Exercise details:
Everything from the line containing "RafaelP_Garcia's tweet photo." through the last line of the entries needs to be repeated exactly. Pictures must be left out.

Extracted data:

━━━

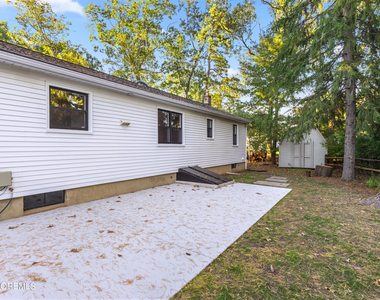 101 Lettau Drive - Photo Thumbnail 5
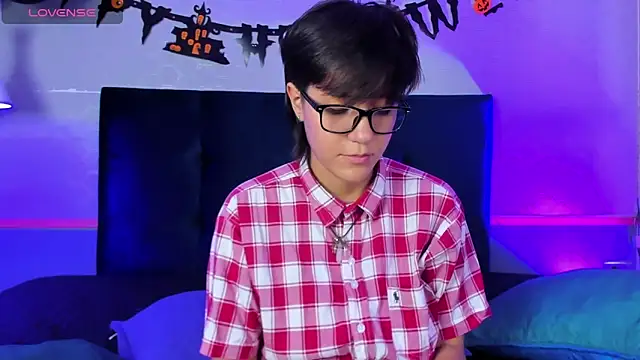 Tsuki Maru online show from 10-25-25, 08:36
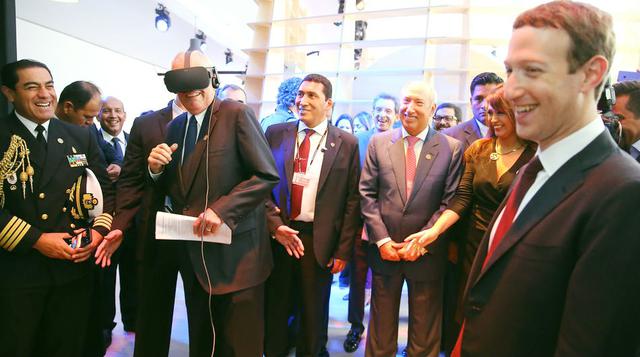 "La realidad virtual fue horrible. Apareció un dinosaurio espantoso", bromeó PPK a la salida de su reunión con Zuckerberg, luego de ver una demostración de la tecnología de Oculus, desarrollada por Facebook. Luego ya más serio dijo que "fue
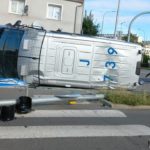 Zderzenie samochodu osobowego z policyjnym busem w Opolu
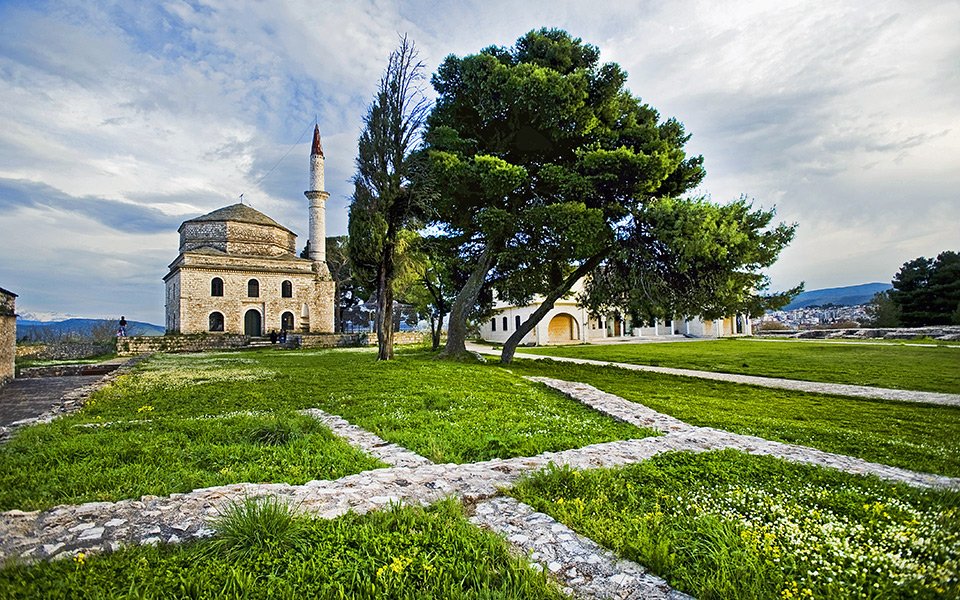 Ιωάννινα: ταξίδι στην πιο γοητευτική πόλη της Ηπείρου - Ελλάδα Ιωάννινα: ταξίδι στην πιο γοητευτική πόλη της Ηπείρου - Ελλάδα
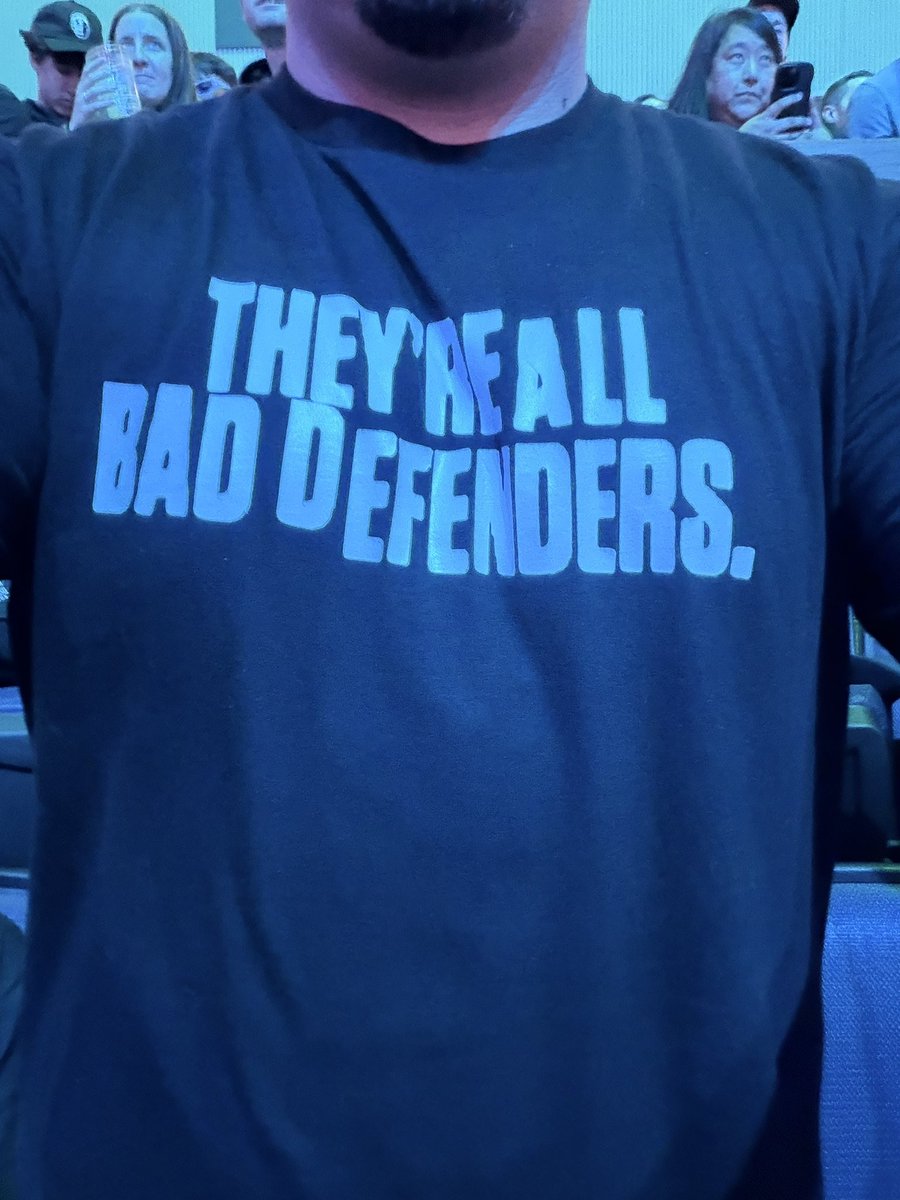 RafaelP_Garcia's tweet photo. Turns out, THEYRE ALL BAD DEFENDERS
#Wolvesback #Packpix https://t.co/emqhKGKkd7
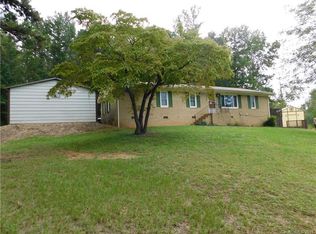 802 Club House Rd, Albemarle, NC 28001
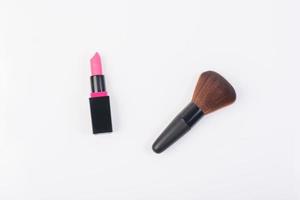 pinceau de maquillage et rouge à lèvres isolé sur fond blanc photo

━━━

Answer to the exercise:
 RafaelP_Garcia's tweet photo. Turns out, THEYRE ALL BAD DEFENDERS
#Wolvesback #Packpix https://t.co/emqhKGKkd7
 802 Club House Rd, Albemarle, NC 28001
 pinceau de maquillage et rouge à lèvres isolé sur fond blanc photo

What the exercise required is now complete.